The two days of meetings could also help prepare the way for a meeting between U.S. President Donald Trump and North Korean leader Kim Jong Un.
They were the latest in a flurry of diplomatic activity spanning Asia, the United States and Europe before North Korea's planned summits with the South and the United States.
South Korea's National Security Office chief, Chung Eui-yong, met U.S. national security adviser H.R. McMaster and Japan's national security adviser, Shotaro Yachi, to discuss summit meetings between Kim and South Korean President Moon Jae-in, the Blue House in Seoul said.
They also discussed the possible meeting between Trump and Kim, it said.
The security advisers from the three countries talked about the "complete denuclearisation of the Korean Peninsula," and agreed that "it was important to not repeat the mistakes of the past" and to work together closely, the Blue House said.
In a statement, the White House also referred to avoiding mistakes of the past and said the advisers met to discuss the summit and the "permanent" denuclearisation of the Korean Peninsula.
A senior North Korean diplomat left for Finland on Sunday for talks with former U.S. and South Korean officials, South Korea's Yonhap News Agency reported.

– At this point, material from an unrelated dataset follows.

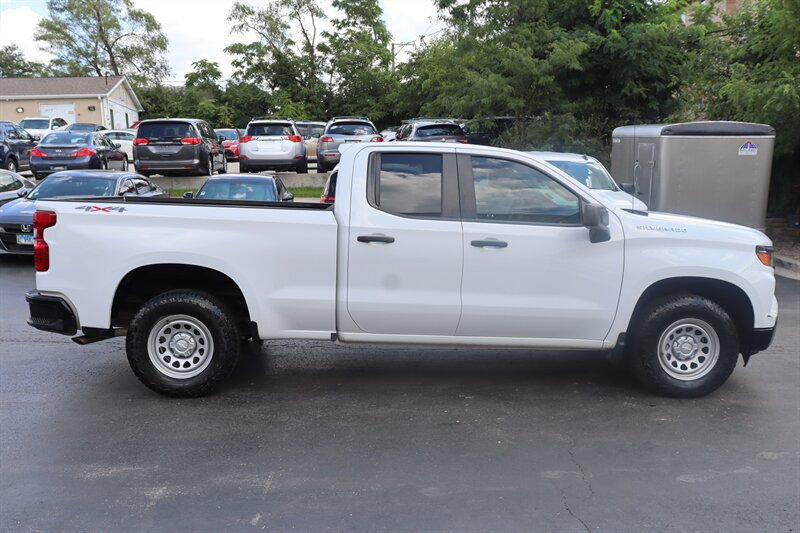 Used 2023 Chevrolet Silverado 1500 W/T w/ WT Value Package AWD/4WD image 7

That followed three days of talks between North Korea's and Sweden's foreign ministers on security on the Korean Peninsula.
Sweden "engaged heavily" on the issue of U.S. detainees during the talks between the two foreign ministers, CNN reported on Sunday, citing unidentified sources with knowledge of the negotiations.
North Korea is pursuing nuclear and missile programs in defiance of U.N. Security Council sanctions and has made no secret of its plans to develop a missile capable of reaching the U.S. mainland.